I’m sorry Amy.. I really am, but someone has to say it even if its not pretty.
The big picture question is why do my peers, and I use that term loosely, do not understand the concept of edge case? How many times does one have to hear “we base our decisions on the input and needs of the majority” before they realize that as the extreme exceptions to the spirit of the project, their needs will not be met. Why is that such a hard concept to grasp?
This was the most painful Q&A ever. Several questions on how to get a transcript of the Q&A text – For the love of god, you people are computer consultants and still haven’t mastered the art of copy and paste? Open up notepad. Highlight the entire Q&A session, press ctrl+c, alt tab to notepad, ctrl+v. Done.

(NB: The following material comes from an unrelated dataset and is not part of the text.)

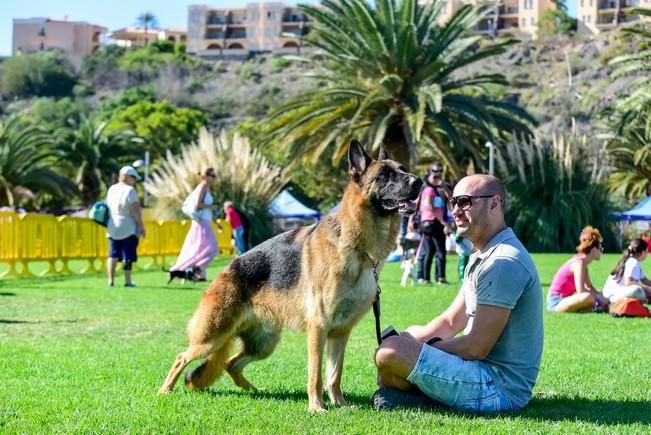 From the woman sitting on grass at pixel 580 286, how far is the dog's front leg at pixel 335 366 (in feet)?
23.0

This is the first time I’ve heard Eric pick up the pitch in his voice, slow down his explanation and start to annunciate. Chris suggests that he needs to get double hazard pay for the explanations.
To be fair, there were a handful of legitimate questions. But the remainder of the transcript stands as the evidence (mind you that 50% of the audience were SBSCs) that our profession, at least as evidenced by the Q&A in this webcast, is so uninformed that they should not be anyones advisor, on any subject. How can we expect Microsoft to take us seriously when the majority of our peers does not know the basics of the technology they sell, benefits they receive, newsgroup addresses…. It feels like some of these people were in an online presentation for the very first time.
So why do the needs of higher profile partners seem ignored? Because the majority of the people out there ask the types of questions that you see in this webcast – like it or not, those are our peers. And that my friends is the problem.